**PROBLEM DESCRIPTION**
Give the entries again, exactly as written.

--- THE DATA ---

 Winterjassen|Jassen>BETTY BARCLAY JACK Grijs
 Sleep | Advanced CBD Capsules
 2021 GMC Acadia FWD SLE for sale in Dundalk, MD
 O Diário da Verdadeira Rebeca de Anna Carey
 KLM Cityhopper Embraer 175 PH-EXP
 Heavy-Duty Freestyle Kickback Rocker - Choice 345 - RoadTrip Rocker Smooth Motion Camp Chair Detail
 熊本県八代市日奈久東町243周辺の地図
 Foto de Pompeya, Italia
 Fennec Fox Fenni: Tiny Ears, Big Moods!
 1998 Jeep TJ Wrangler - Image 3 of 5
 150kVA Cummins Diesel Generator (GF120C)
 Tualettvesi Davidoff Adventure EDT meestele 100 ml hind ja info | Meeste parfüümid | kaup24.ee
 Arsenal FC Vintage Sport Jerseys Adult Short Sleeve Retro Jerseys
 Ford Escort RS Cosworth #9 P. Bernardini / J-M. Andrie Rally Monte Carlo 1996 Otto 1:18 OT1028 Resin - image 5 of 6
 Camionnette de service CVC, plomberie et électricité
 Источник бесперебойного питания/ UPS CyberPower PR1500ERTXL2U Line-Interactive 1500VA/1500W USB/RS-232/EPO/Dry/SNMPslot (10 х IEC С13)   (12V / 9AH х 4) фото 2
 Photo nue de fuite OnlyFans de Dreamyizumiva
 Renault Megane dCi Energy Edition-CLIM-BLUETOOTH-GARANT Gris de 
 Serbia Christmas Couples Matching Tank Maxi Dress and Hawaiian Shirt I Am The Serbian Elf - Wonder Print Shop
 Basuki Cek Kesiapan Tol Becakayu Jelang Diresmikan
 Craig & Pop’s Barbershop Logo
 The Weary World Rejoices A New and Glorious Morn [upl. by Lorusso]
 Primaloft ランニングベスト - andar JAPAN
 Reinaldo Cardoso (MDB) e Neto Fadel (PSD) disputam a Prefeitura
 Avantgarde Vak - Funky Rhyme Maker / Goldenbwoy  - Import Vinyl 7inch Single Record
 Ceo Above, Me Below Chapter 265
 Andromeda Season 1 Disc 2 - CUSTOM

---

**RESULT OF THE TASK**
 Winterjassen|Jassen>BETTY BARCLAY JACK Grijs
 Sleep | Advanced CBD Capsules
 2021 GMC Acadia FWD SLE for sale in Dundalk, MD
 O Diário da Verdadeira Rebeca de Anna Carey
 KLM Cityhopper Embraer 175 PH-EXP
 Heavy-Duty Freestyle Kickback Rocker - Choice 345 - RoadTrip Rocker Smooth Motion Camp Chair Detail
 熊本県八代市日奈久東町243周辺の地図
 Foto de Pompeya, Italia
 Fennec Fox Fenni: Tiny Ears, Big Moods!
 1998 Jeep TJ Wrangler - Image 3 of 5
 150kVA Cummins Diesel Generator (GF120C)
 Tualettvesi Davidoff Adventure EDT meestele 100 ml hind ja info | Meeste parfüümid | kaup24.ee
 Arsenal FC Vintage Sport Jerseys Adult Short Sleeve Retro Jerseys
 Ford Escort RS Cosworth #9 P. Bernardini / J-M. Andrie Rally Monte Carlo 1996 Otto 1:18 OT1028 Resin - image 5 of 6
 Camionnette de service CVC, plomberie et électricité
 Источник бесперебойного питания/ UPS CyberPower PR1500ERTXL2U Line-Interactive 1500VA/1500W USB/RS-232/EPO/Dry/SNMPslot (10 х IEC С13)   (12V / 9AH х 4) фото 2
 Photo nue de fuite OnlyFans de Dreamyizumiva
 Renault Megane dCi Energy Edition-CLIM-BLUETOOTH-GARANT Gris de 
 Serbia Christmas Couples Matching Tank Maxi Dress and Hawaiian Shirt I Am The Serbian Elf - Wonder Print Shop
 Basuki Cek Kesiapan Tol Becakayu Jelang Diresmikan
 Craig & Pop’s Barbershop Logo
 The Weary World Rejoices A New and Glorious Morn [upl. by Lorusso]
 Primaloft ランニングベスト - andar JAPAN
 Reinaldo Cardoso (MDB) e Neto Fadel (PSD) disputam a Prefeitura
 Avantgarde Vak - Funky Rhyme Maker / Goldenbwoy  - Import Vinyl 7inch Single Record
 Ceo Above, Me Below Chapter 265
 Andromeda Season 1 Disc 2 - CUSTOM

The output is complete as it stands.